Esa historia recuerda que
Dios no abandona a su pueblo y que de mil maneras busca atraernos a sus brazos
La
historia enseña cuando los hechos son presentados en su cruda realidad y desde
interpretaciones serias y bien elaboradas. También la historia de la Iglesia
católica enseña, y mucho, si le dedicamos tiempo, si hay historiadores
competentes, si miramos hacia el pasado en toda su complejidad.
En
esa historia de la Iglesia caminan juntos la santidad y el pecado, el trigo y
la cizaña, la ortodoxia y la herejía. A todos los niveles: desde los obispos
hasta el laico que lleva una vida ordinaria.
Por
eso duele ver cómo ha habido, y hay también hoy, tantos hombres y mujeres que
fallan (que fallamos), que sucumben, que se confunden, que incluso llegan poco
a poco o de modo masivo a apartarse de la doctrina verdadera y de la moral
auténticamente cristiana.
Incluso
en algunos momentos eran decenas, incluso centenas, los sacerdotes y obispos
que, poco a poco o de golpe, se apartaban de la doctrina verdadera y defendían
ideas sectarias. Basta con recordar cómo en el siglo IV muchos obispos de
Oriente se unieron a la herejía de Arrio. O cómo, en el siglo XVIII, miles de
sacerdotes en Francia juraron fidelidad al Estado surgido de la Revolución
francesa en contra de su auténtica vocación como pastores católicos.
Uno
de los grandes engaños de ciertos intérpretes de la historia defiende que esos
eran hechos del pasado y que hoy no pueden ocurrir, pues el tiempo nos habría
hecho más maduros. Nada más falso.
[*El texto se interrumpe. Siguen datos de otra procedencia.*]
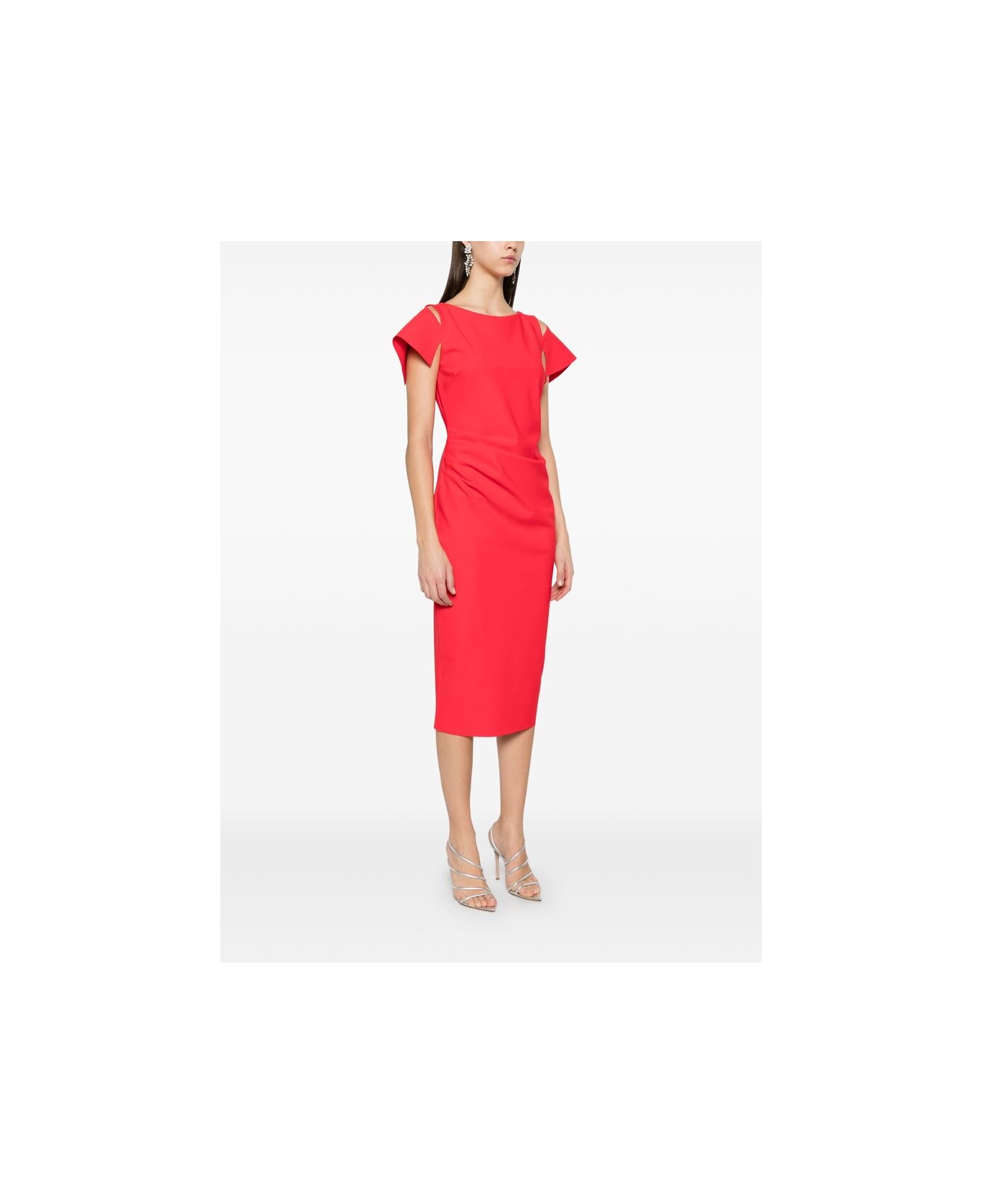 La Petit Robe Di Chiara Boni Dress - RED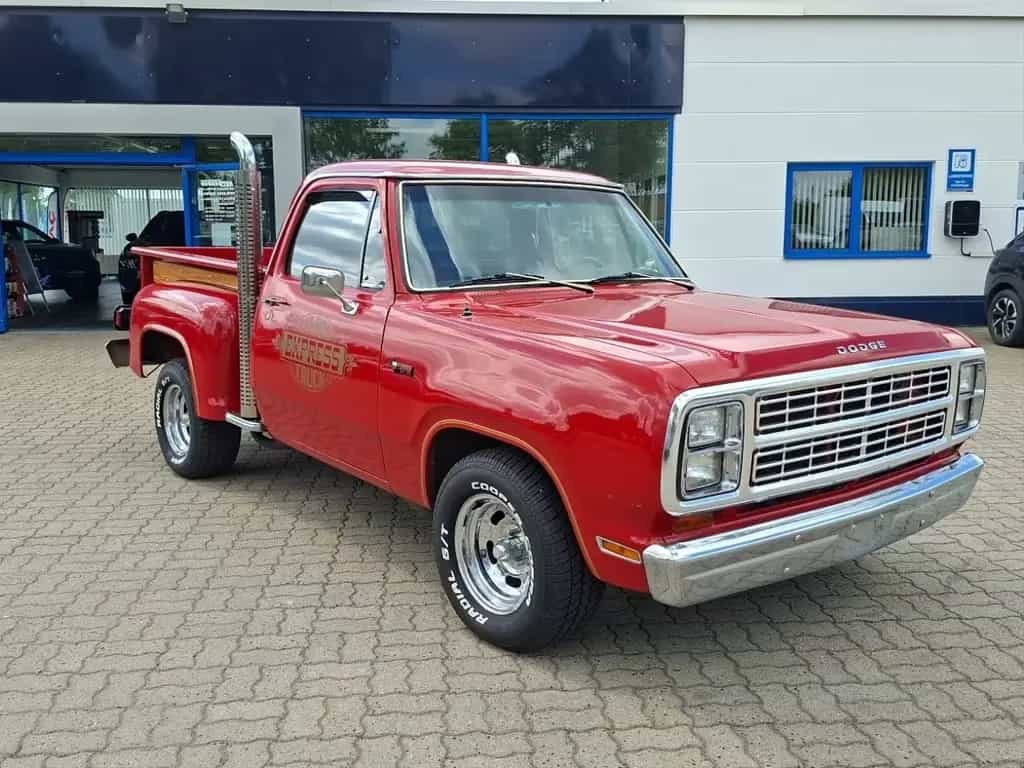Dodge Other D100 Li´l Red Express Truck 07/1979-photo-2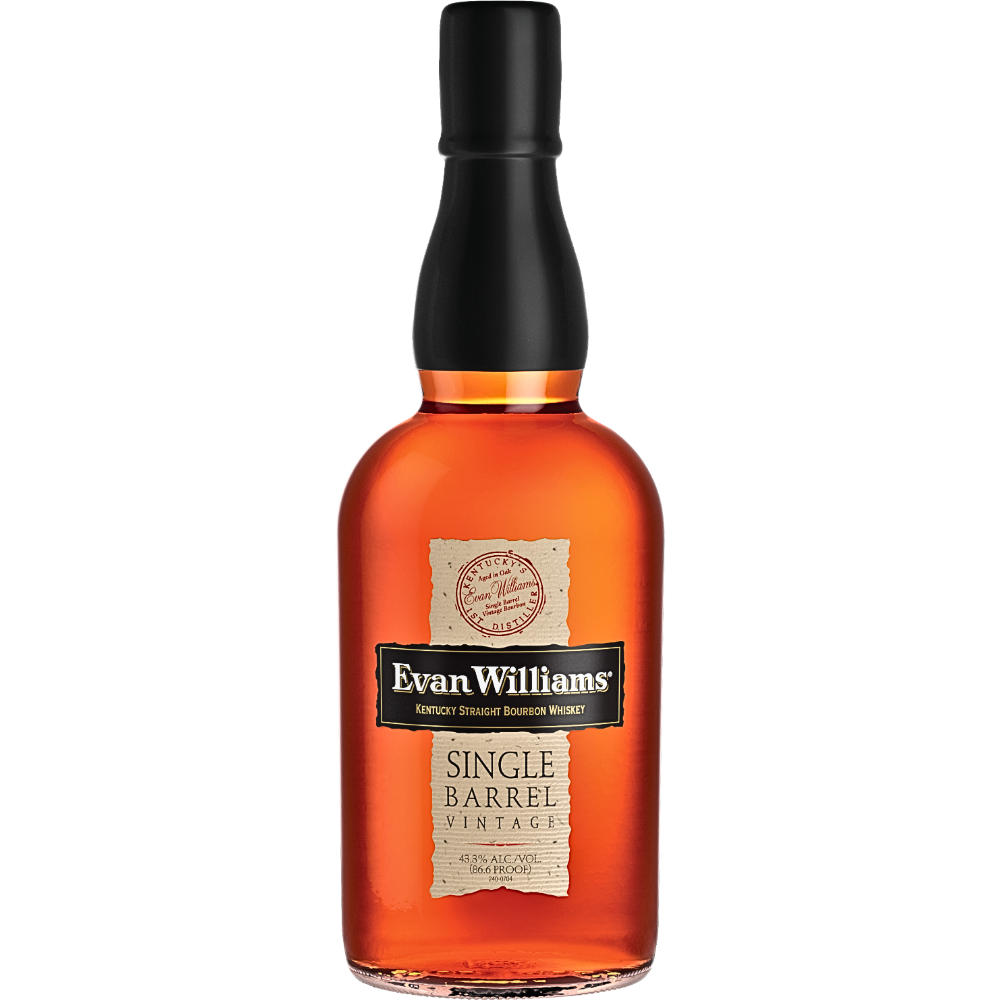 Evan Williams Single Barrel_Hollywood Beverage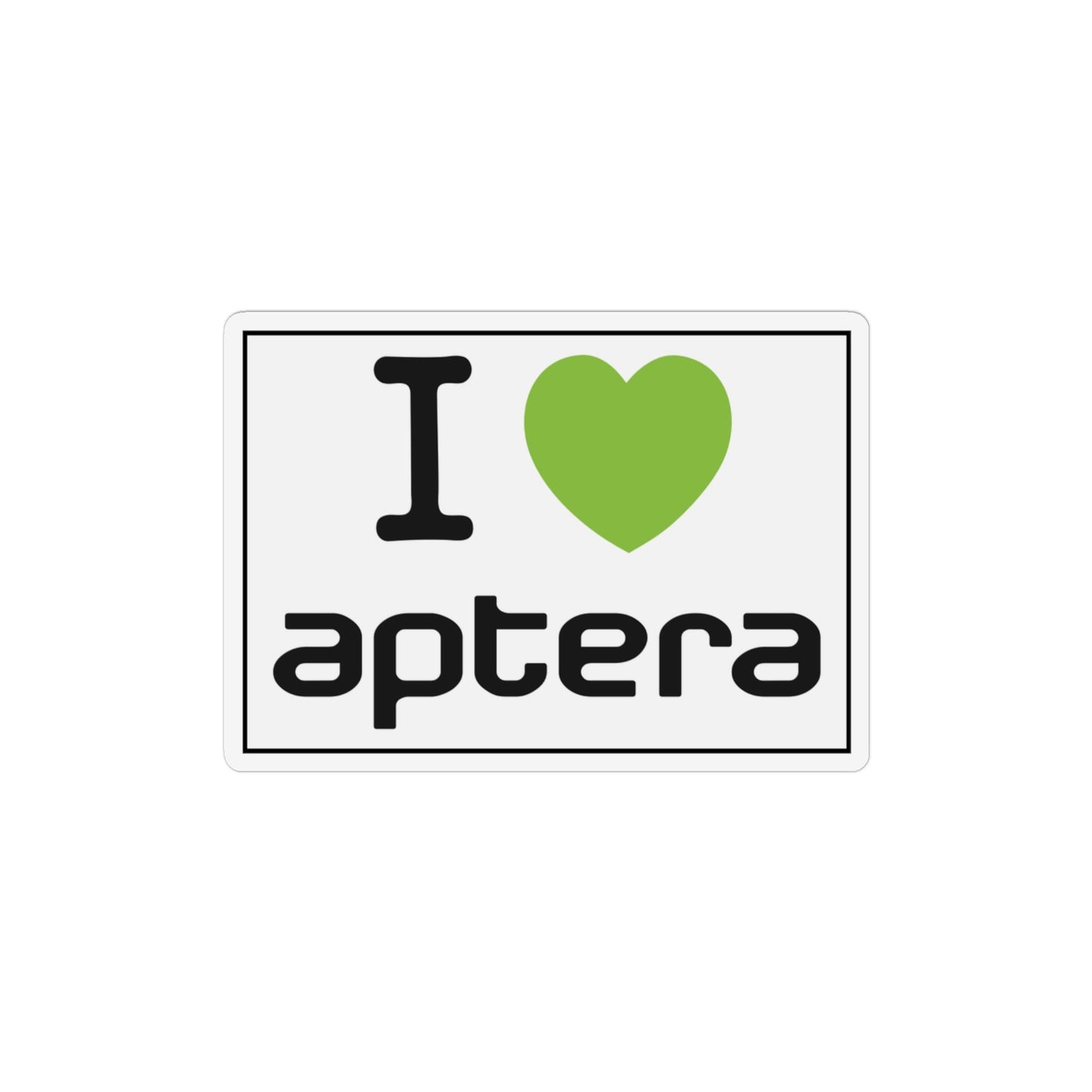 I Heart Aptera Magnet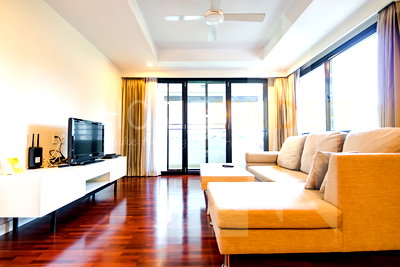 คอนโดให้เช่า : Mitkorn Mansion 2 bedrooms, for rent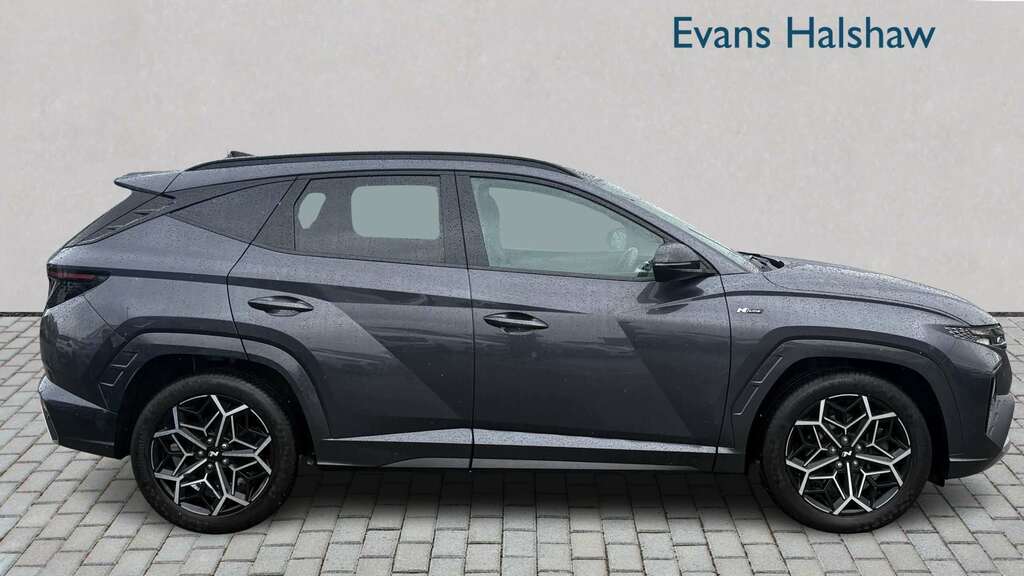 Hyundai Tucson 1.6 Tgdi 48V Mhd N Line S 2Wd Dct 2023 Grey #3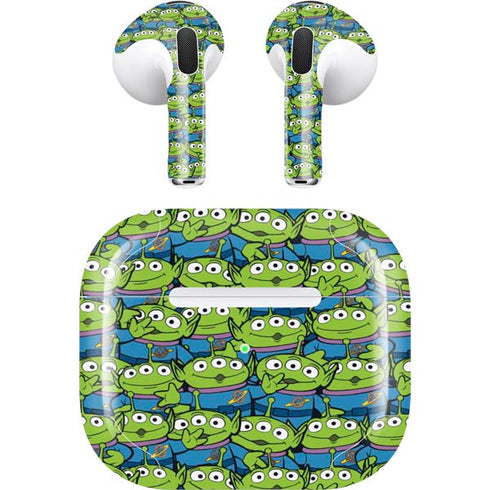 Disney Toy Story Alien Collage Apple AirPods (3rd Gen 2021) Skin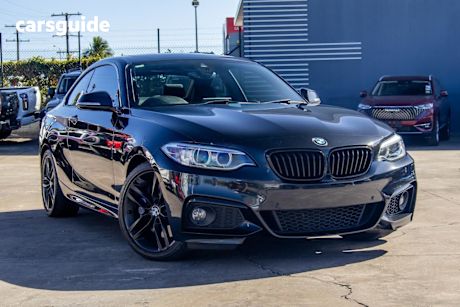 Black 2016 BMW 230I Coupe M Sport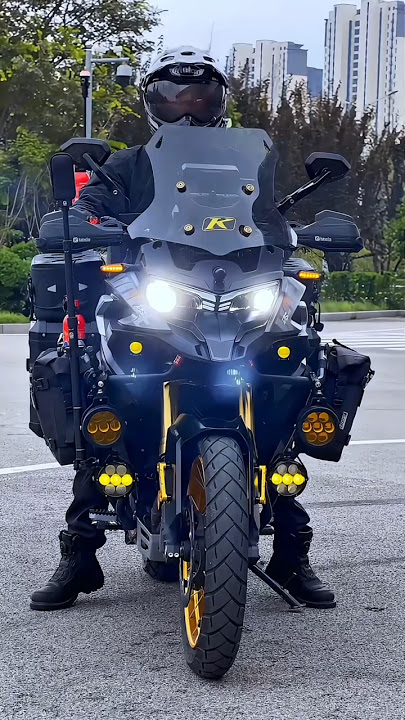 Voge 625DSX Touring Motercycle🔥💕 Advanture Ride #voge625dsx #r1250gsa #motoadventure #motovlog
Después de lo que muchos celebran como
triunfos de la educación y de la ciencia, ¿no tenemos hoy una terrible
corrupción entre los políticos, una enorme apostasía religiosa, y una
conciencia adormecida ante algo tan terriblemente injusto como el aborto
generalizado?
La historia de la Iglesia nos recuerda esa debilidad íntima que hiere a cada ser humano. En el pasado, con hechos lamentables que recordamos con vergüenza; y en el presente, con un vivir acomodado al mundo en miles de católicos que olvidan lo que significa ser sal y luz.
Gracias
a Dios, también esa historia recuerda que Dios no abandona a su pueblo y que de
mil maneras busca atraernos a sus brazos. Por eso siempre ha habido santos,
héroes, mártires.
¿Por
qué fueron fieles en medio de situaciones muy difíciles? Porque se dejaron
iluminar por el Espíritu Santo y porque conservaron valientemente el tesoro de
la auténtica doctrina católica.
También
hoy podemos ser fieles a Cristo hasta el final. Basta con ser humildes, pedir
ayuda a Dios, y seguir los pasos de miles de testimonios (mártires) que a lo
largo de los siglos nos muestran cómo ser fieles, incluso hasta dar la propia
vida por quien murió para salvarnos.